[Activity] Beginning with the line of the entries below that holds "CHL_sales_infographic_06072020-01" and ending with the line that holds "Cost of living", transcribe each line exactly as written. Pictures stay out.

[Exercise data]
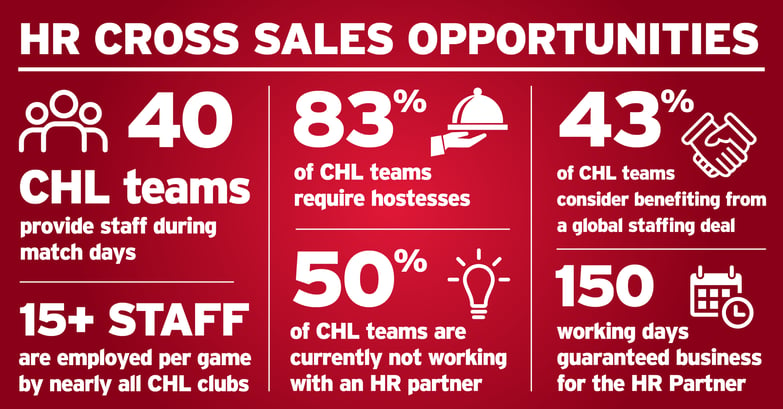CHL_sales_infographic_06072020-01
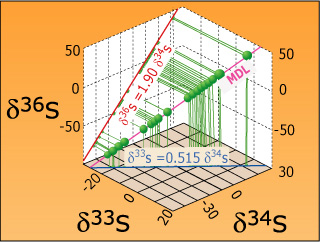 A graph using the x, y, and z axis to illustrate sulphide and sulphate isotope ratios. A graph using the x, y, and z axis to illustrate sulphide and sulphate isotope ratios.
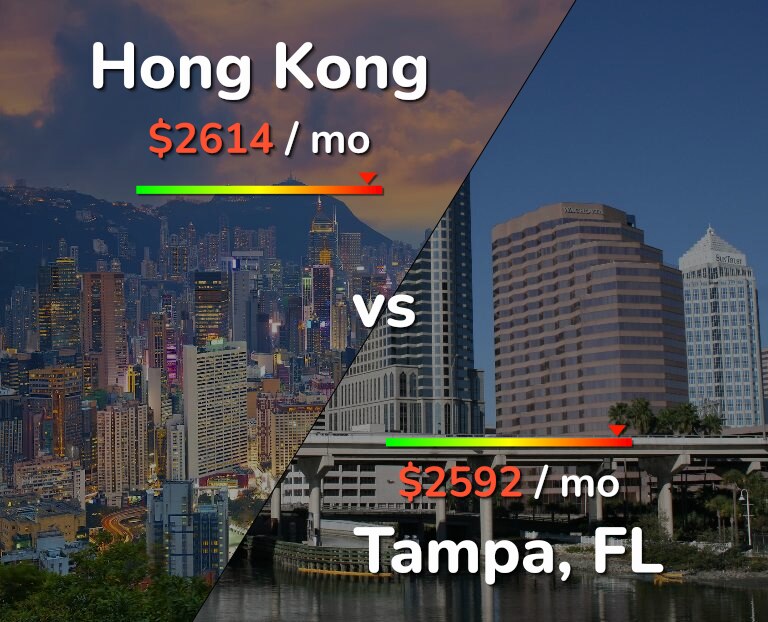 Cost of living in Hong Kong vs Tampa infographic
---
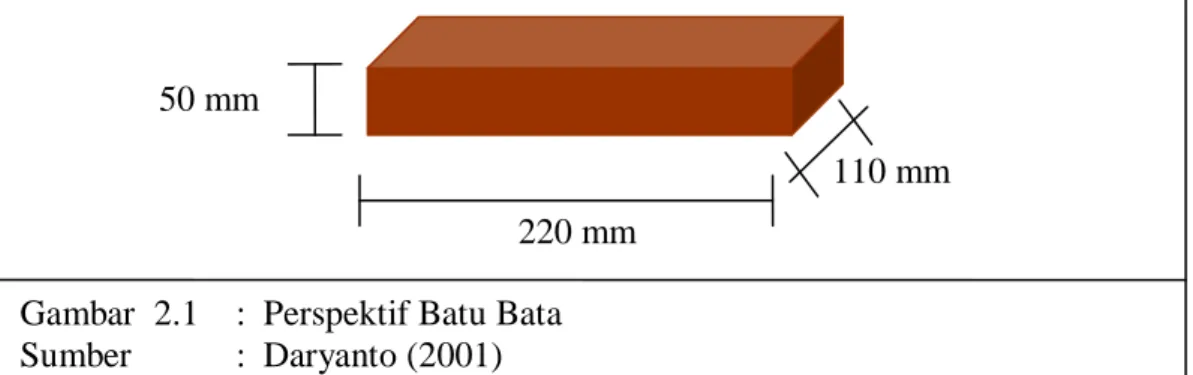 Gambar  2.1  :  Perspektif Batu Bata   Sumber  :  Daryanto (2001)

[Exercise response]
CHL_sales_infographic_06072020-01
 A graph using the x, y, and z axis to illustrate sulphide and sulphate isotope ratios. A graph using the x, y, and z axis to illustrate sulphide and sulphate isotope ratios.
 Cost of living in Hong Kong vs Tampa infographic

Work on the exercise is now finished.